I am wondering whether there is any routine, English proverb which is used to imply there is always someone better; so you have to prevent from being too proud of yourself.

I came across the metaphorical phraes a long time ago, however I had not enquire about it from native speakers and that's why I'm not quite confident whether it is an idiomatic and natural English saying which is understood and used by the majority of natives or not. It is:

  • I saw a saw that saw a saw.


  • I saw (past tense of the simple verb see) a saw (an instrument) that saw (verb) a saw (an instrument.)

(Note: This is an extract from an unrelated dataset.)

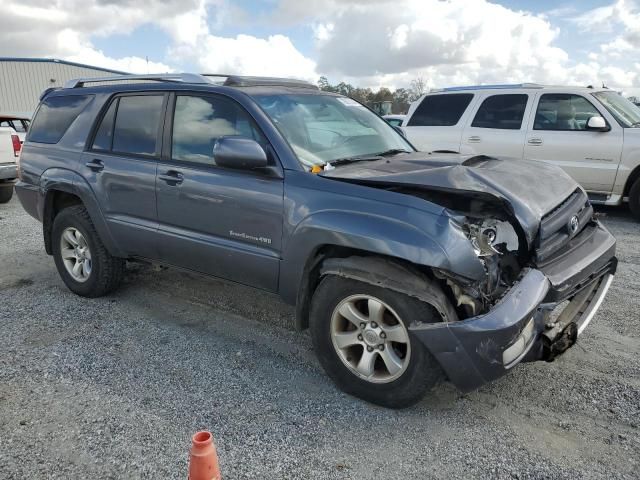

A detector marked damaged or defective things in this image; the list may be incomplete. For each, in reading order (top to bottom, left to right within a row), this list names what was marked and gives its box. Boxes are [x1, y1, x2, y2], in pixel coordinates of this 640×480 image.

crumpled hood [322, 152, 576, 246] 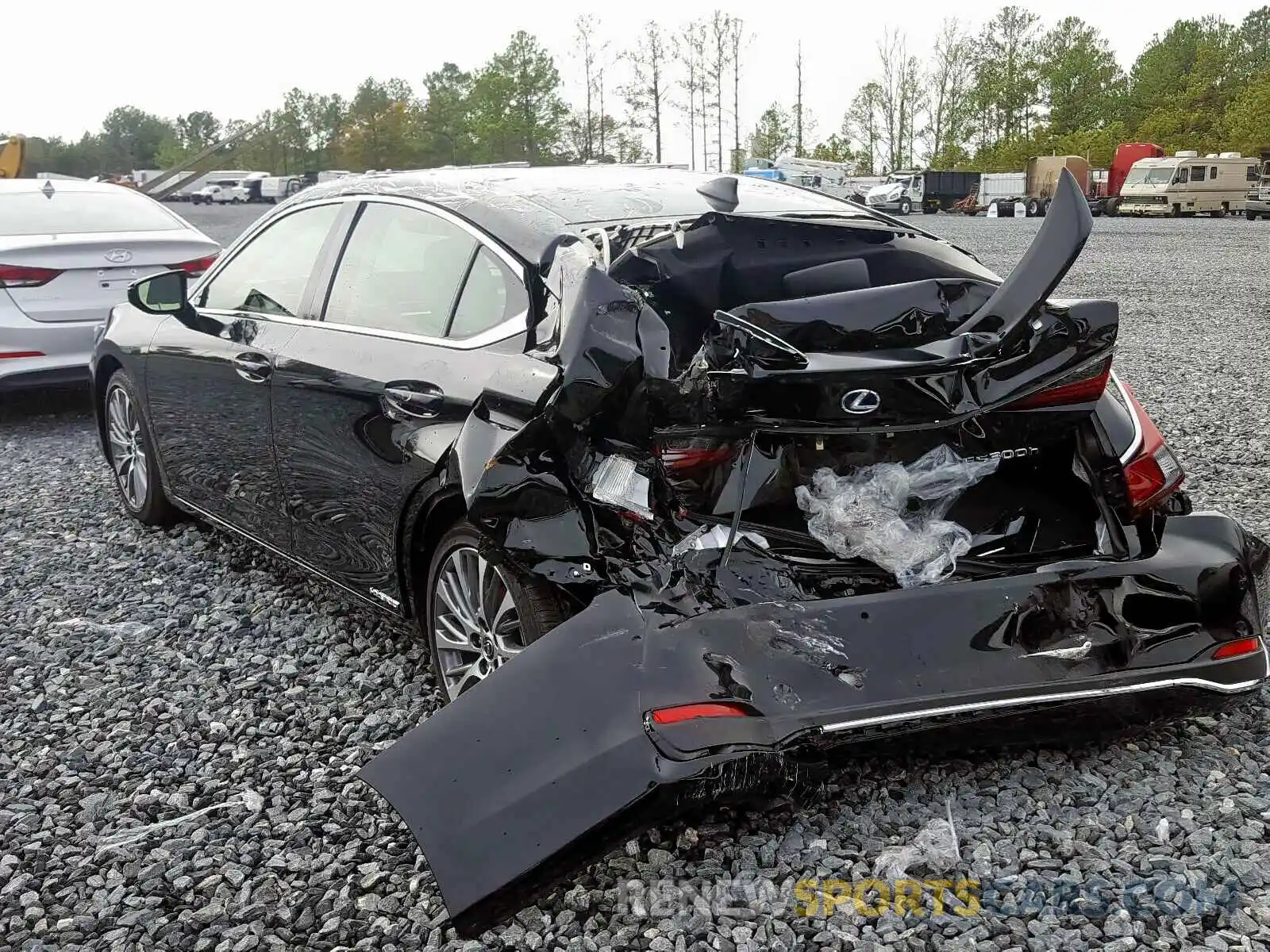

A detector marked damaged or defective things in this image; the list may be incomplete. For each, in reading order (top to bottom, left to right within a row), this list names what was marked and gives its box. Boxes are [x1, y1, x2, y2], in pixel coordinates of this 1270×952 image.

First, please let me know whether it is a common English proverb. Second, please tell me if there is any better proverb/idiom/expression to imply that specially in AmE.

  • 2
    I think you mean "there is always someone better" in the title and the first sentence. The "saw" sentance has a very different meaning, for my UK senses. It is a fun sentence designed to confuse, or to show the many meanings of "saw", or to challenge people to work out the many meanings.
    – AdrianHHH
    Dec 14, 2020 at 21:39
  • 2
    I can't see any connection between the "saw" sentence and the idea of a proverb about "there is always (someone) better".
    – James K
    Dec 14, 2020 at 22:00
  • Uh, thank you @AdrianHHH; that was a typo caused by copying and pasting. I fixed it.
    – A-friend
    Dec 15, 2020 at 1:33
  • Perhaps my own sentence "there is always someone better" is the clearest and the most tangible way of implying that. Do you confirm @James K?
    – A-friend
    Dec 15, 2020 at 1:37

1 Answer 1


We often say someone is a "big fish in a small pond" if they think they are better than everyone, but in fact they have only encountered a small number of people to compare themselves with, and they might not seem so great if compared to a wider selection of others.